News of a second Sony video game network breach means that thousands more user credit card numbers may be at risk of fraud. It seems that once you hand over your financial information to an online vendor, you’re pretty much at the mercy of that company’s wherewithal to install the latest Apache patch. But there is something consumers can do to protect themselves.
Single-use credit card numbers have been around for a while and they’re something to consider if you’re security conscious. They’re essentially an alias for your credit card number, allowing you to give each online merchant with whom you do business a different number, but have them all withdraw from the same account.

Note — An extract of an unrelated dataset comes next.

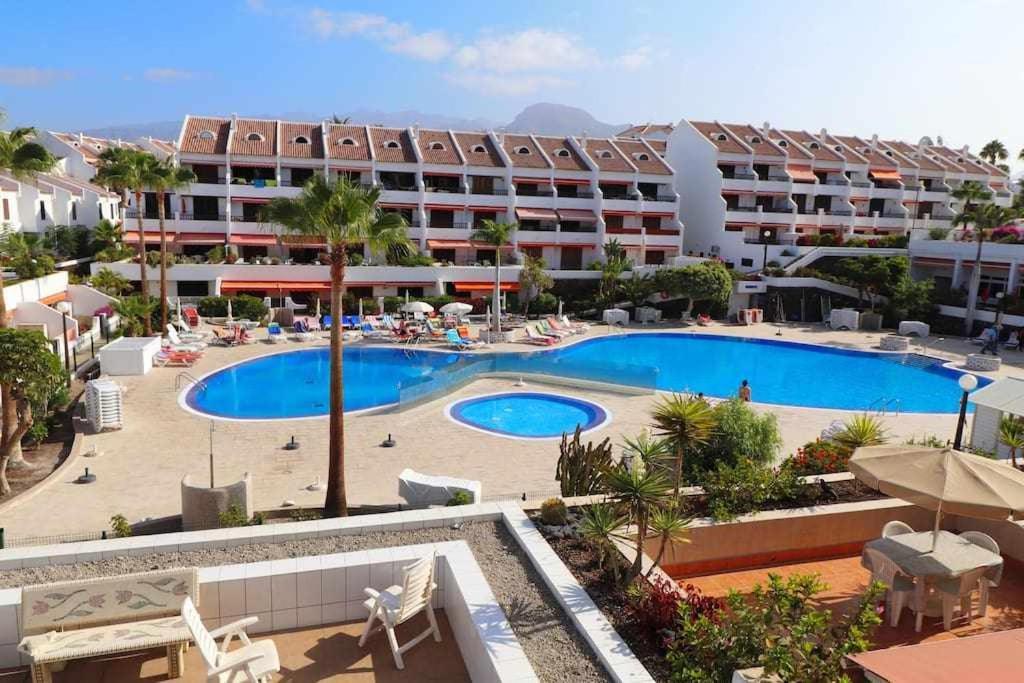 Parque Santiago I 222 By Tenerife Rental & Sales Playa de las Americas  Exterior photo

That way, if one number’s compromised, the bad guys won’t have your real credit card number–you can just cancel the compromised alias and it won’t affect any other single-use numbers.
It sounds great, and that usually means there’s a catch. In this case it’s that single-use numbers aren’t especially convenient to use. For one thing, they tend to have a maximum lifespan of 12 months. So if you use a virtual number to sign up for a service with recurring payments like Netflix or PSN, you’ll have to remember to update your payment method at least once a year.
Finding the feature when you’re logged in to your credit card account can also be a bit tricky, but Citibank, Discover, and Bank of America offer it. Paypal used to offer disposable credit card numbers tied to your account, but recently discontinued the service, apparently because few used it. With commercial database breaches getting so much media attention lately, that might soon change.